## Try it
Copy all of the data below exactly as it is given.

## Dataset excerpts
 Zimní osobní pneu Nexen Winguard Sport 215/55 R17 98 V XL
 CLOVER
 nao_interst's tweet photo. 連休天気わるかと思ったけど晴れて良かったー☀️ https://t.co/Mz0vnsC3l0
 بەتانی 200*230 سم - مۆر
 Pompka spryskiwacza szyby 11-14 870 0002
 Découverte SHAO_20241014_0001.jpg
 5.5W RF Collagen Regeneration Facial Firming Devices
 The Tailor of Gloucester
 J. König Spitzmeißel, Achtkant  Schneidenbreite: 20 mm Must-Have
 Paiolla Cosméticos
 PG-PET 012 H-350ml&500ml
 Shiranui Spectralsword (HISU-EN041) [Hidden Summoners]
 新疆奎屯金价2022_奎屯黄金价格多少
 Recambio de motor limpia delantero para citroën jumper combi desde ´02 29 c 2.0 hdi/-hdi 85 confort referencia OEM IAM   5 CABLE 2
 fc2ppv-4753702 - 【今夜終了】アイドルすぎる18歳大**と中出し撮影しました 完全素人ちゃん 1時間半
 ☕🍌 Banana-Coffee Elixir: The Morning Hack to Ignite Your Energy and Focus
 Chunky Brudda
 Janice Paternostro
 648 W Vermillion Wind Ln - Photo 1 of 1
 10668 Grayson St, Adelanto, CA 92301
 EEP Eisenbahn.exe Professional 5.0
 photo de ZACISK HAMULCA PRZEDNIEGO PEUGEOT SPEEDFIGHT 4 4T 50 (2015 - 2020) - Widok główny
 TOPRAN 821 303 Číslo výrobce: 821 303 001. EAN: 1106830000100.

## Exercise output
 Zimní osobní pneu Nexen Winguard Sport 215/55 R17 98 V XL
 CLOVER
 nao_interst's tweet photo. 連休天気わるかと思ったけど晴れて良かったー☀️ https://t.co/Mz0vnsC3l0
 بەتانی 200*230 سم - مۆر
 Pompka spryskiwacza szyby 11-14 870 0002
 Découverte SHAO_20241014_0001.jpg
 5.5W RF Collagen Regeneration Facial Firming Devices
 The Tailor of Gloucester
 J. König Spitzmeißel, Achtkant  Schneidenbreite: 20 mm Must-Have
 Paiolla Cosméticos
 PG-PET 012 H-350ml&500ml
 Shiranui Spectralsword (HISU-EN041) [Hidden Summoners]
 新疆奎屯金价2022_奎屯黄金价格多少
 Recambio de motor limpia delantero para citroën jumper combi desde ´02 29 c 2.0 hdi/-hdi 85 confort referencia OEM IAM   5 CABLE 2
 fc2ppv-4753702 - 【今夜終了】アイドルすぎる18歳大**と中出し撮影しました 完全素人ちゃん 1時間半
 ☕🍌 Banana-Coffee Elixir: The Morning Hack to Ignite Your Energy and Focus
 Chunky Brudda
 Janice Paternostro
 648 W Vermillion Wind Ln - Photo 1 of 1
 10668 Grayson St, Adelanto, CA 92301
 EEP Eisenbahn.exe Professional 5.0
 photo de ZACISK HAMULCA PRZEDNIEGO PEUGEOT SPEEDFIGHT 4 4T 50 (2015 - 2020) - Widok główny
 TOPRAN 821 303 Číslo výrobce: 821 303 001. EAN: 1106830000100.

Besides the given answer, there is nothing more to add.